◆ **Exercise directions**
An exact copy of every record is needed.

Crawled caption data:
•••
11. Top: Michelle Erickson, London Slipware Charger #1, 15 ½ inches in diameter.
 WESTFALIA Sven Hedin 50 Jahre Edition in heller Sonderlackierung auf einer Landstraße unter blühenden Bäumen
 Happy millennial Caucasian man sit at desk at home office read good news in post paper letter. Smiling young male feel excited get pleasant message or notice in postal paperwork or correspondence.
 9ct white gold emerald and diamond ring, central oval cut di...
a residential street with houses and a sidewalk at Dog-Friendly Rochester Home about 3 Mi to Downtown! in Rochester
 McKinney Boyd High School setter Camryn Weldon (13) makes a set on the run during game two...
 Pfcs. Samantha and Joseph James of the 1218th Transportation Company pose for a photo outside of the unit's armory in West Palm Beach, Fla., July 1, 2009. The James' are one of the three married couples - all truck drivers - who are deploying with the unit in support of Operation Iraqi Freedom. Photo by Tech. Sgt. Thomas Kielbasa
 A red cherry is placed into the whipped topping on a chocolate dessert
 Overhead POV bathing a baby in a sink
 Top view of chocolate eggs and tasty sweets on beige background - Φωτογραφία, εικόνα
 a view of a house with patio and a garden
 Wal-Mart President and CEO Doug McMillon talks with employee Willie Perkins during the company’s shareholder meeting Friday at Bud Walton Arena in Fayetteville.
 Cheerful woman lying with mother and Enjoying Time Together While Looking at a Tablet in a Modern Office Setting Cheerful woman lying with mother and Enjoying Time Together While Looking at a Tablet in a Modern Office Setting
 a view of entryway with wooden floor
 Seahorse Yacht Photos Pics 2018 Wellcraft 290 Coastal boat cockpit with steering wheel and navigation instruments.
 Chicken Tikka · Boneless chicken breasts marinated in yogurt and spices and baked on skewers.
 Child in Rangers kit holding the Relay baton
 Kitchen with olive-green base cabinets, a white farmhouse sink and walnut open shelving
•••
◆ **Task response**
11. Top: Michelle Erickson, London Slipware Charger #1, 15 ½ inches in diameter.
 WESTFALIA Sven Hedin 50 Jahre Edition in heller Sonderlackierung auf einer Landstraße unter blühenden Bäumen
 Happy millennial Caucasian man sit at desk at home office read good news in post paper letter. Smiling young male feel excited get pleasant message or notice in postal paperwork or correspondence.
 9ct white gold emerald and diamond ring, central oval cut di...
a residential street with houses and a sidewalk at Dog-Friendly Rochester Home about 3 Mi to Downtown! in Rochester
 McKinney Boyd High School setter Camryn Weldon (13) makes a set on the run during game two...
 Pfcs. Samantha and Joseph James of the 1218th Transportation Company pose for a photo outside of the unit's armory in West Palm Beach, Fla., July 1, 2009. The James' are one of the three married couples - all truck drivers - who are deploying with the unit in support of Operation Iraqi Freedom. Photo by Tech. Sgt. Thomas Kielbasa
 A red cherry is placed into the whipped topping on a chocolate dessert
 Overhead POV bathing a baby in a sink
 Top view of chocolate eggs and tasty sweets on beige background - Φωτογραφία, εικόνα
 a view of a house with patio and a garden
 Wal-Mart President and CEO Doug McMillon talks with employee Willie Perkins during the company’s shareholder meeting Friday at Bud Walton Arena in Fayetteville.
 Cheerful woman lying with mother and Enjoying Time Together While Looking at a Tablet in a Modern Office Setting Cheerful woman lying with mother and Enjoying Time Together While Looking at a Tablet in a Modern Office Setting
 a view of entryway with wooden floor
 Seahorse Yacht Photos Pics 2018 Wellcraft 290 Coastal boat cockpit with steering wheel and navigation instruments.
 Chicken Tikka · Boneless chicken breasts marinated in yogurt and spices and baked on skewers.
 Child in Rangers kit holding the Relay baton
 Kitchen with olive-green base cabinets, a white farmhouse sink and walnut open shelving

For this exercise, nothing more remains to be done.